→ **ACTION ITEM**
Pictures excluded, reproduce exactly the lines below from the one with "Camouflage MMA Muay" through the one with "Hefty Everyday SoakProof", both included.

→ **LISTED RECORDS**
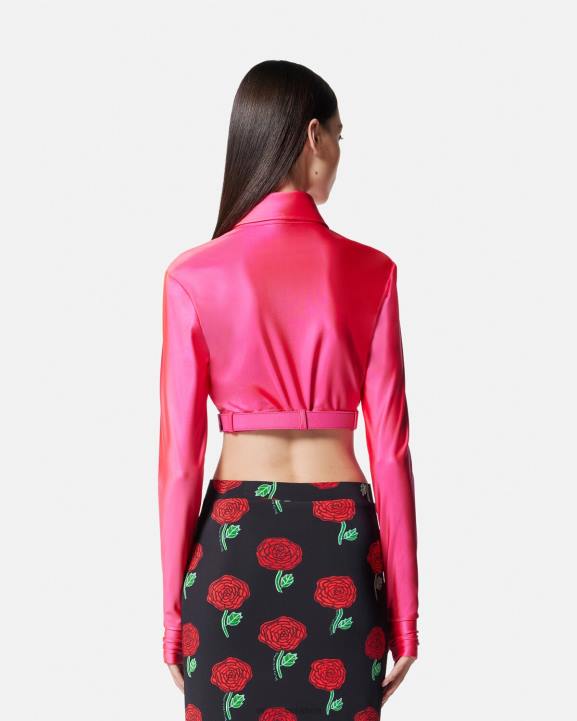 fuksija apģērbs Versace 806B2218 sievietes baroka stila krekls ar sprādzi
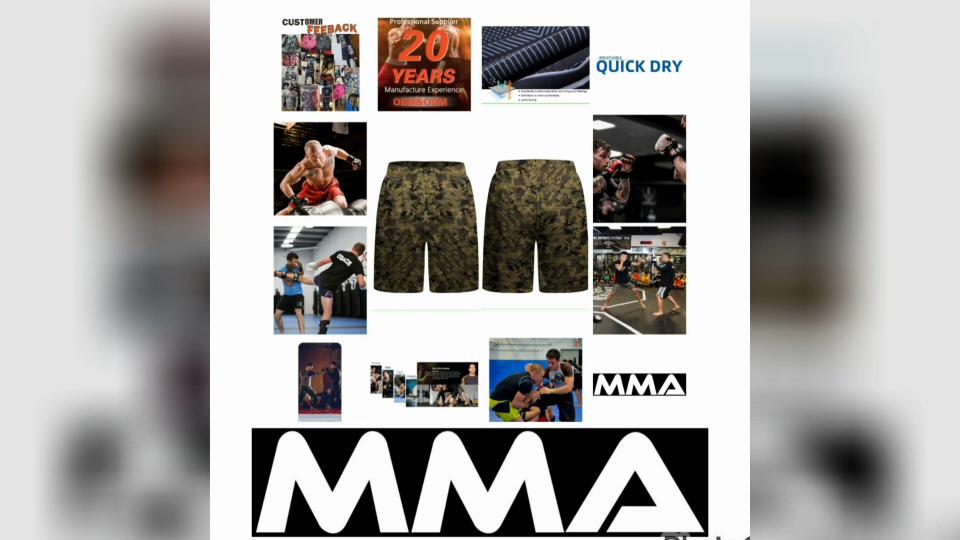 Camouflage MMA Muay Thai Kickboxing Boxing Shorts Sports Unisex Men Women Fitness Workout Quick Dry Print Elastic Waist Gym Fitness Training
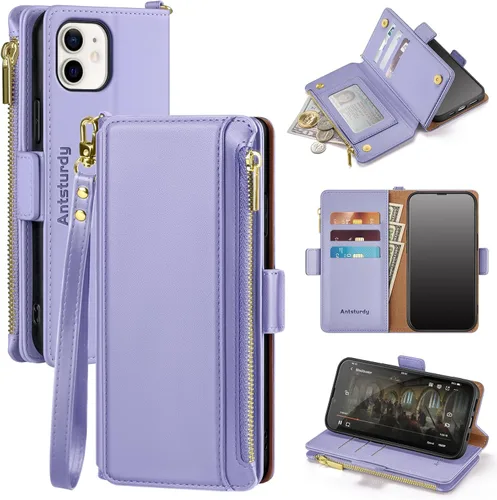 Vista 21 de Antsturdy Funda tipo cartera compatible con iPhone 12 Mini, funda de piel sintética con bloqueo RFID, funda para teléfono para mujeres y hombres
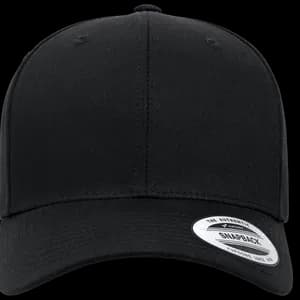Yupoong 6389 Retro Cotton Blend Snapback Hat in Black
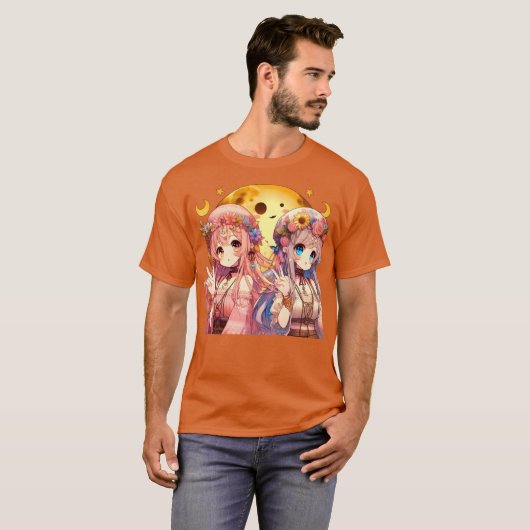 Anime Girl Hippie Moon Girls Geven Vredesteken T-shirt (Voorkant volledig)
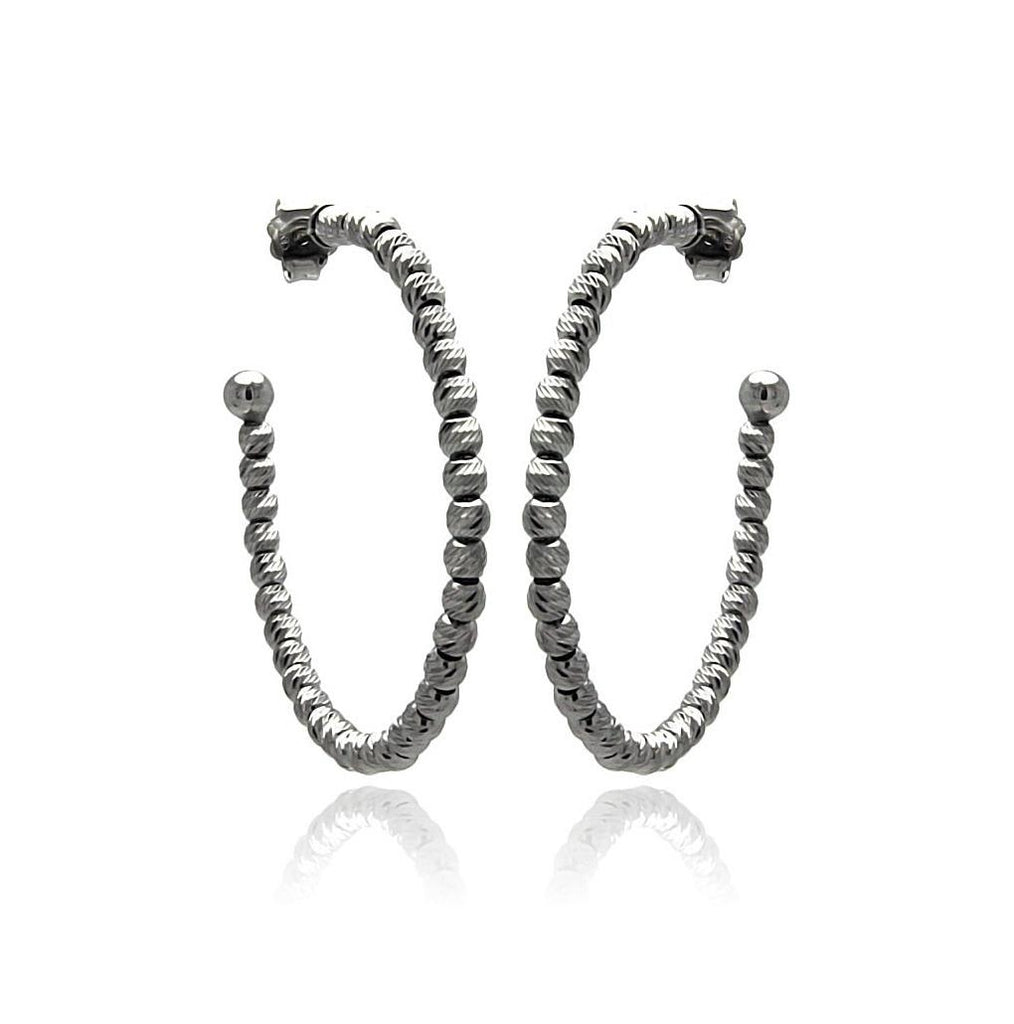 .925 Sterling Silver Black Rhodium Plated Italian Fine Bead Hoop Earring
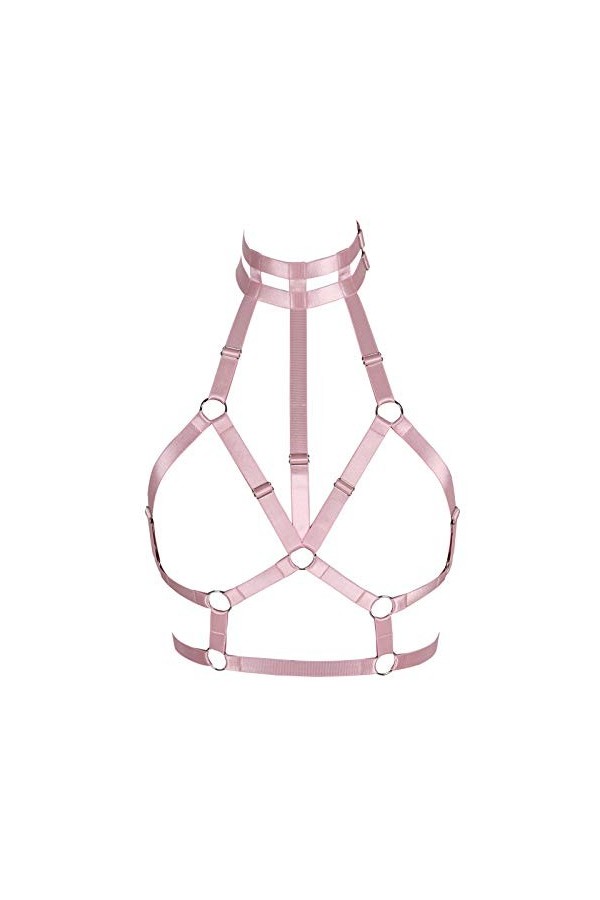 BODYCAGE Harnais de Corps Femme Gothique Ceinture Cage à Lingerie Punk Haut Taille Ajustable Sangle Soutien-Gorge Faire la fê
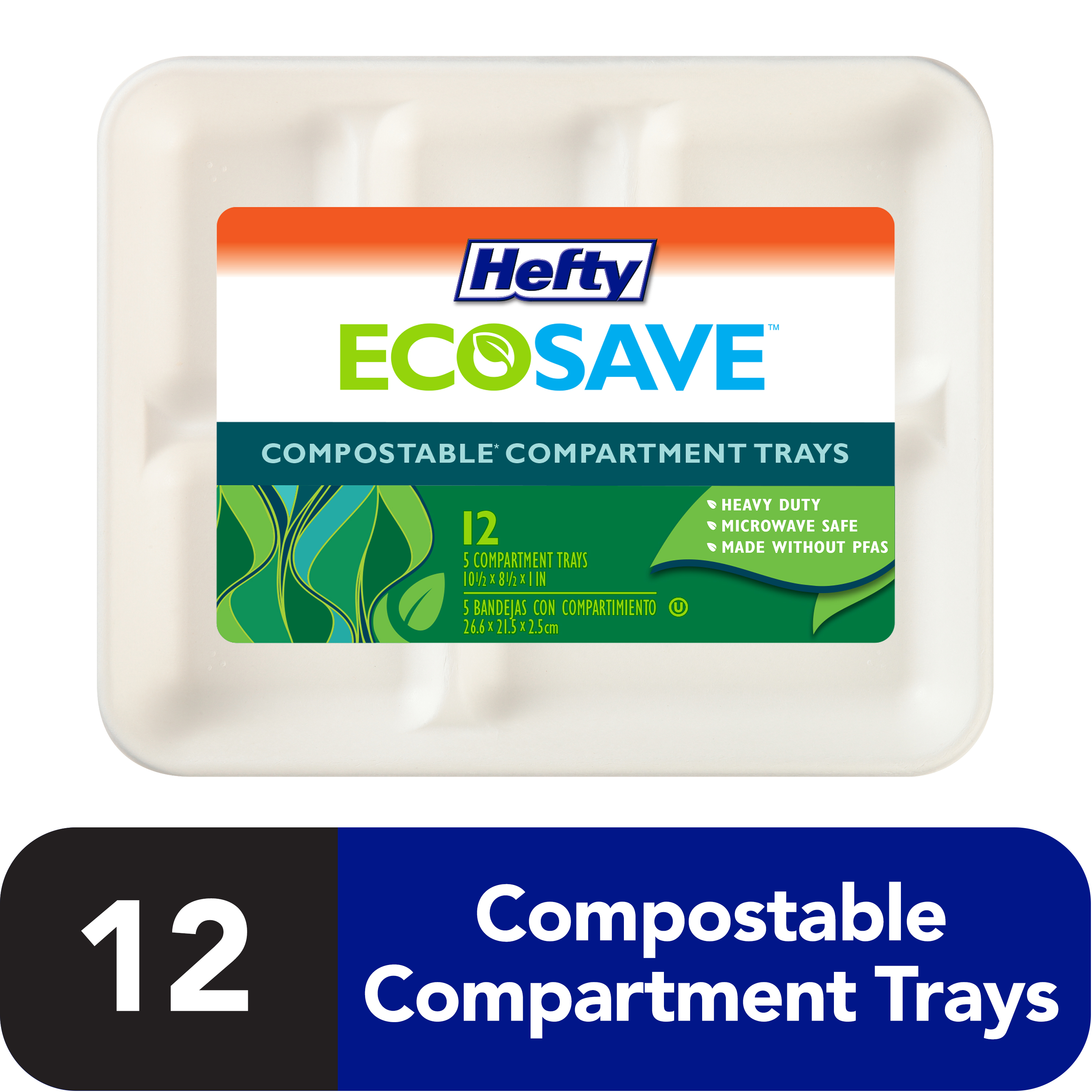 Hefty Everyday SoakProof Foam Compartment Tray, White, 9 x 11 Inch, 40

--

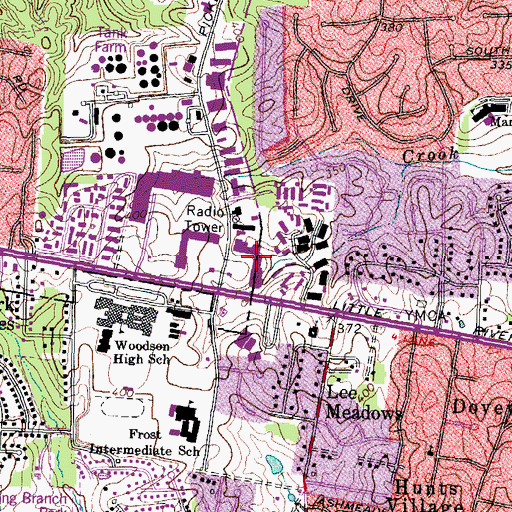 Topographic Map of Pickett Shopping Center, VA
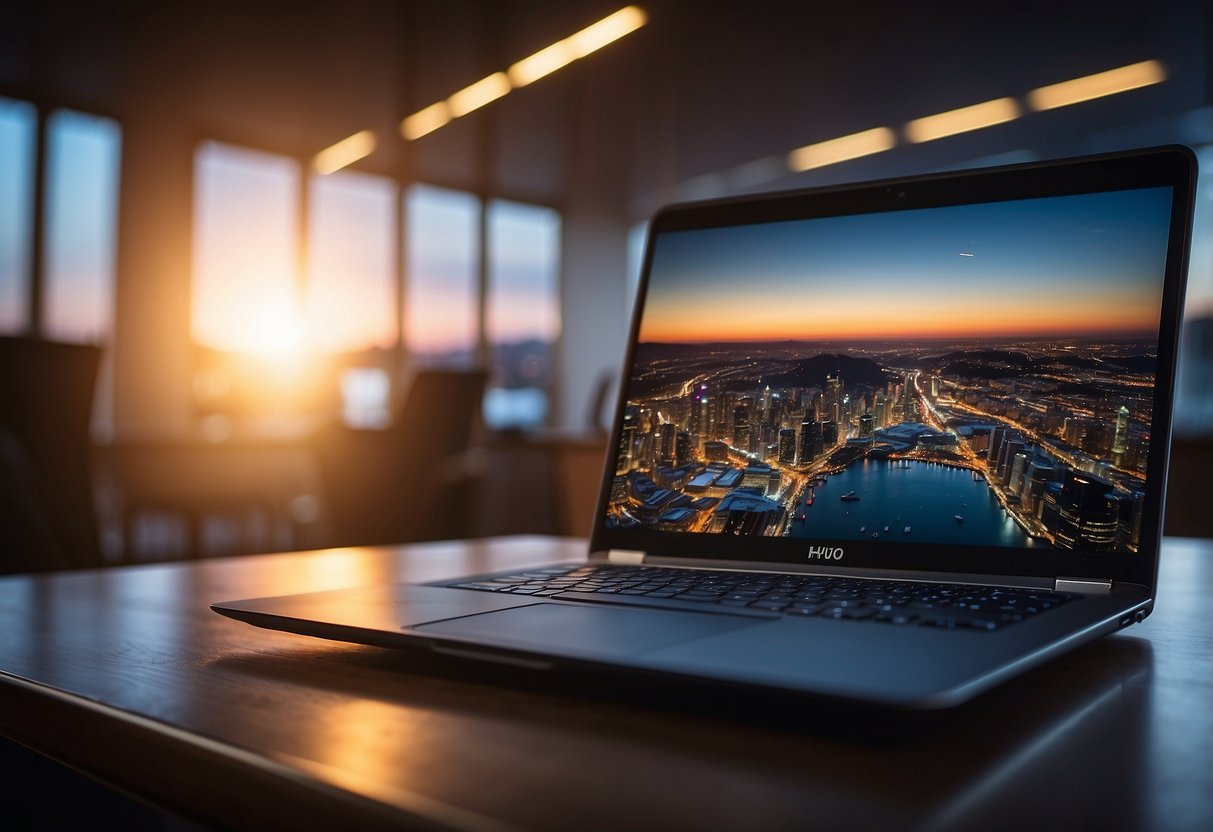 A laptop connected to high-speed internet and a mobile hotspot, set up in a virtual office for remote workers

→ **ANSWER TO THIS PROBLEM**
 Camouflage MMA Muay Thai Kickboxing Boxing Shorts Sports Unisex Men Women Fitness Workout Quick Dry Print Elastic Waist Gym Fitness Training
 Vista 21 de Antsturdy Funda tipo cartera compatible con iPhone 12 Mini, funda de piel sintética con bloqueo RFID, funda para teléfono para mujeres y hombres
Yupoong 6389 Retro Cotton Blend Snapback Hat in Black
 Anime Girl Hippie Moon Girls Geven Vredesteken T-shirt (Voorkant volledig)
 .925 Sterling Silver Black Rhodium Plated Italian Fine Bead Hoop Earring
 BODYCAGE Harnais de Corps Femme Gothique Ceinture Cage à Lingerie Punk Haut Taille Ajustable Sangle Soutien-Gorge Faire la fê
 Hefty Everyday SoakProof Foam Compartment Tray, White, 9 x 11 Inch, 40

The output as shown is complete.